The advent of economic and monetary union from 1999 will require adherence by all participating countries to strict budgetary discipline as set out in the stability and growth pact. The Government is fully committed to pursuing the necessary budgetary policies to help achieve and sustain the stable economic conditions which are essential to the success of the single currency. Prudent management of public expenditure will play a crucial role in this process.
The Government is committed to managing public expenditure in a way which will seek to maintain firm control on the growth in overall spending while ensuring that adequate additional resources are targeted at addressing the many problems of disadvantage in society which continue to require attention. The Government's policy as set out in An Action Programme for the Millennium is to limit net current spending growth to 4 per cent and capital spending growth to 5 per cent on average up to 1999 and to reduce overall Government spending as a share of national output.
In my budget speech I said the task of achieving the Government target of limiting the increase in net current spending to 4 per cent on average will be challenging. The projections of expenditure on a no policy change basis in the period 1998 to 2000 published with the budget, which showed an average annual increase of 3.8 per cent, were within the Government target and the increase in 1999 was projected to be 4.8 per cent.
The Government fully recognises that, with the projected average increase on the basis of unchanged policies running close to the 4 per cent programme limit, holding to that limit while at the same time implementing new policy commitments as set out in its programme will not be easy. It will require making choices in allocating resources so that the additional costs of new or expanded services are met within the average annual limit of 4 per cent.

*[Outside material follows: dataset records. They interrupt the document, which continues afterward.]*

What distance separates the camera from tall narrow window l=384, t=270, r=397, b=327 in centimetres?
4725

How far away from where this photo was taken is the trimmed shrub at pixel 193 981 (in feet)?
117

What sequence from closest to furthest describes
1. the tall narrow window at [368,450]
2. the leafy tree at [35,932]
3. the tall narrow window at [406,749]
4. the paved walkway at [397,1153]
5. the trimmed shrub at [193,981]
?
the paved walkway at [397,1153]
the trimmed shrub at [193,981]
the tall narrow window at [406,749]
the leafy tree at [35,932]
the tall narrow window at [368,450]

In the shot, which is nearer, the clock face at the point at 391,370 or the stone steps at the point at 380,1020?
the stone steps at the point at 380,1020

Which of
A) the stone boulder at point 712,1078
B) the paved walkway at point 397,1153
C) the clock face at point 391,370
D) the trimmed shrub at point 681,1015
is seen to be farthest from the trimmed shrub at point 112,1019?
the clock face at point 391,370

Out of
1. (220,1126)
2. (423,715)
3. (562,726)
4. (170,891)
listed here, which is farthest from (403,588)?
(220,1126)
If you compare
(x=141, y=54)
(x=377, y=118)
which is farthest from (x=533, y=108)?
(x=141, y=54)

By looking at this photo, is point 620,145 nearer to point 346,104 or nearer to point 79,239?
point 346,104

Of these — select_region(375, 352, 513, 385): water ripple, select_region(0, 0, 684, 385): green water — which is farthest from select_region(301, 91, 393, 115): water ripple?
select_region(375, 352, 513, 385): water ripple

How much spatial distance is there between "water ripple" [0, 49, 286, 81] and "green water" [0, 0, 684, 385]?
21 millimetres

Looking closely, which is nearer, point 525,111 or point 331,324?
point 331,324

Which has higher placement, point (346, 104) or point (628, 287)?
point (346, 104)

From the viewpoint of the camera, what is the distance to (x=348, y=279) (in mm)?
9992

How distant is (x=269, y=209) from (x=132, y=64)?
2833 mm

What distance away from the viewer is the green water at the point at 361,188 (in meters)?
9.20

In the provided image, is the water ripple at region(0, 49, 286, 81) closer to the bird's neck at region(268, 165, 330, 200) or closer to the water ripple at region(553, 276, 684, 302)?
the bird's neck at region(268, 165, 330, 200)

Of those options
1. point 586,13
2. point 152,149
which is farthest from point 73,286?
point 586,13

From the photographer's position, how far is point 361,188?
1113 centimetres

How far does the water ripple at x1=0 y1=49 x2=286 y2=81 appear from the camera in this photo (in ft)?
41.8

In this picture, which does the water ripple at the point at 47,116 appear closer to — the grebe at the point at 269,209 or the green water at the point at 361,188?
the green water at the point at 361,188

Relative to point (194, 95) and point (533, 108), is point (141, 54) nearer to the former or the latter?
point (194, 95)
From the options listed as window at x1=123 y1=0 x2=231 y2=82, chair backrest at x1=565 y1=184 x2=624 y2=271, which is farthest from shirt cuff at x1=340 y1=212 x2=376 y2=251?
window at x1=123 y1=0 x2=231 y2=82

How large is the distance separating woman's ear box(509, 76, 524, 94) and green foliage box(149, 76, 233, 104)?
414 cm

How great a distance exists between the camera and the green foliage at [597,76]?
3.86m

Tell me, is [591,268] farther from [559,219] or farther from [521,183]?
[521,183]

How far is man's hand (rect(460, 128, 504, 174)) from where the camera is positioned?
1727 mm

The proposed move to a full system of multi-annual budgeting with effect from the 1999 budget which I spoke of in my 1998 Budget Statement should help in this regard. This will involve the Government making decisions for resource allocation over a three year period covering the main budgetary aggregates. Voted expenditure, current and capital, would be disaggregated into financial envelopes for ministerial Vote groups.
Additional Information
These will be the amounts allocated to Departments for the three years and within which they will be expected to contain their spending, including the cost of any new policies or improvements in existing services. The comprehensive programme of expenditure reviews being carried out as part of a three year programme under the strategic management initiative should also assist in making decisions on priorities within and between spending programmes.

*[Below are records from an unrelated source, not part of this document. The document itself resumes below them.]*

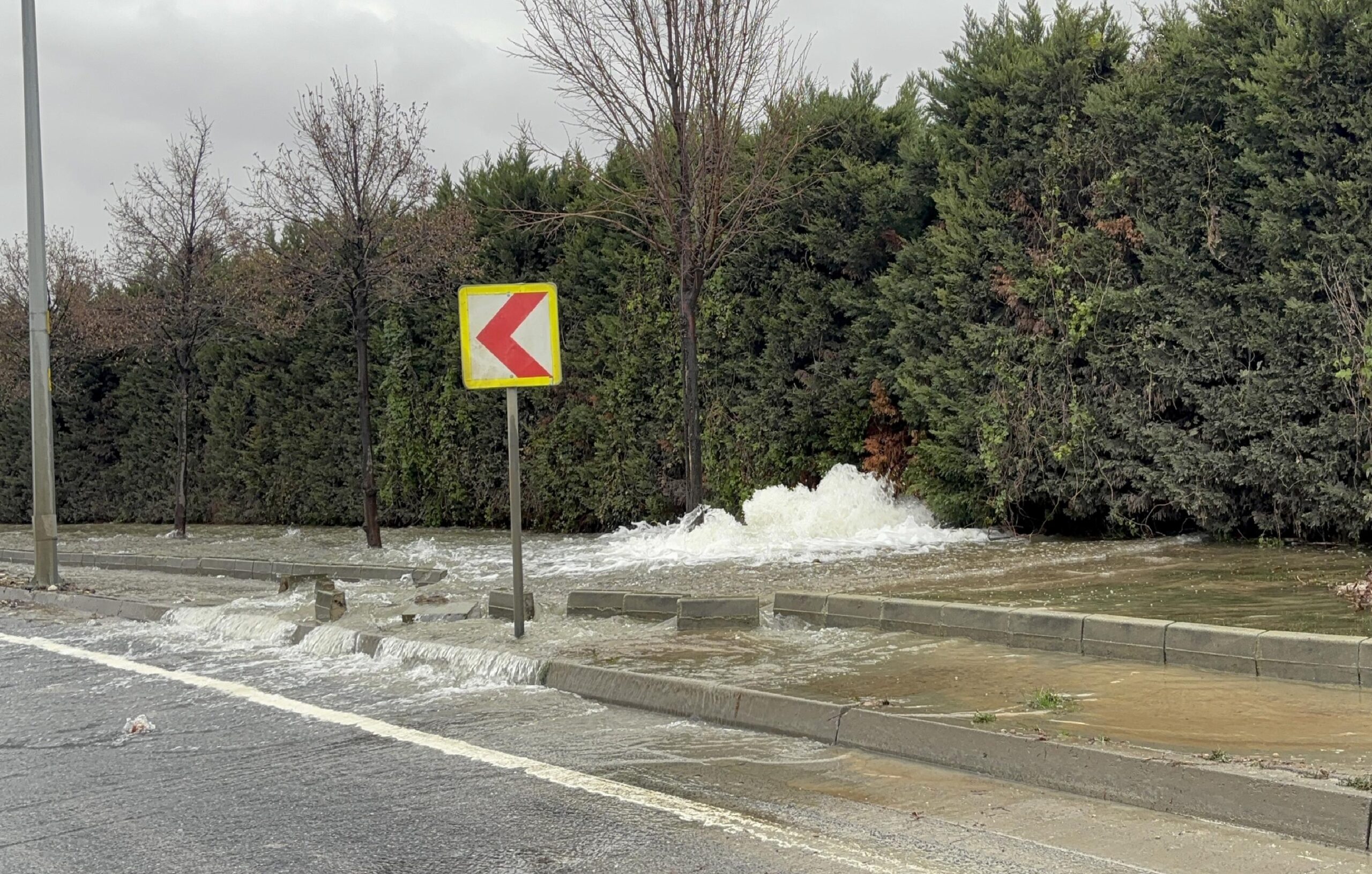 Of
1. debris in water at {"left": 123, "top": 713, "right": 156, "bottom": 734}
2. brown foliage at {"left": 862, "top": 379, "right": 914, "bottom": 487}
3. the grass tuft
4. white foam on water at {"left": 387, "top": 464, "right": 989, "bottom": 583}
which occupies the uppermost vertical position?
brown foliage at {"left": 862, "top": 379, "right": 914, "bottom": 487}

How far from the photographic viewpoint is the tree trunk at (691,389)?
1612cm

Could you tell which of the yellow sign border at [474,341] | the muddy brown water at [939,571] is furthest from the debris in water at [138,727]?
the muddy brown water at [939,571]

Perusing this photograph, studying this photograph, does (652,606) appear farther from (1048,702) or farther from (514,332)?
(1048,702)

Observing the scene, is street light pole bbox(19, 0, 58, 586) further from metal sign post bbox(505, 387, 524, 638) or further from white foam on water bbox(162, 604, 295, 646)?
metal sign post bbox(505, 387, 524, 638)

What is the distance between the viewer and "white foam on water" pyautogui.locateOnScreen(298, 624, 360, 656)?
9070 mm

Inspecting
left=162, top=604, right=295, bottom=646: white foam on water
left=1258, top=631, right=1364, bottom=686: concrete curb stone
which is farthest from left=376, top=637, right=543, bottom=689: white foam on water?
left=1258, top=631, right=1364, bottom=686: concrete curb stone

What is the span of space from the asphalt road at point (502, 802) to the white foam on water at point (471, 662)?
27 cm

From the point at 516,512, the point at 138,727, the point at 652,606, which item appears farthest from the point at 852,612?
the point at 138,727

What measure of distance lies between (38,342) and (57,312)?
49.8ft

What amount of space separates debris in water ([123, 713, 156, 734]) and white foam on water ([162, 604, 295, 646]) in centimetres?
278

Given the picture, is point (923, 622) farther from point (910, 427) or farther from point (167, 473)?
point (167, 473)

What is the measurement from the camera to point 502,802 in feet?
16.8

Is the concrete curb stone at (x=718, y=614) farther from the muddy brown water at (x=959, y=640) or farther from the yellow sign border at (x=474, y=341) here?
the yellow sign border at (x=474, y=341)

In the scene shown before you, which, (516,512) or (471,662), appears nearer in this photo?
(471,662)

The communiqué issued on behalf of EU Finance Ministers and Central Bank governors last March following the revaluation of the Irish pound's central rate in the ERM noted "the firm resolve of the Irish authorities not to exceed the expenditure commitments in the 1998 budget and to ensure that any revenues above those anticipated in the budget are used to raise the primary surplus, and thus the general government surplus, above the planned figures."
Furthermore, the Commission's recommendation for the broad guidelines of the economic policies of the member states and the Community, states that "in view of the present strong growth of the [Irish] economy and the possibility of overheating, any revenues received over and above those anticipated in the 1998 budget should be used to raise the budget surplus. Moreover, a tight fiscal stance is required in Ireland to reduce the risk of overheating."
I am monitoring expenditure trends this year and aim to hold expenditure close to the budget provision. My statement on the end of March Exchequer returns said that spending in the first quarter was broadly in line with expectations. It is my intention that tax revenues in excess of the budget provision should have the effect of increasing the budget surplus.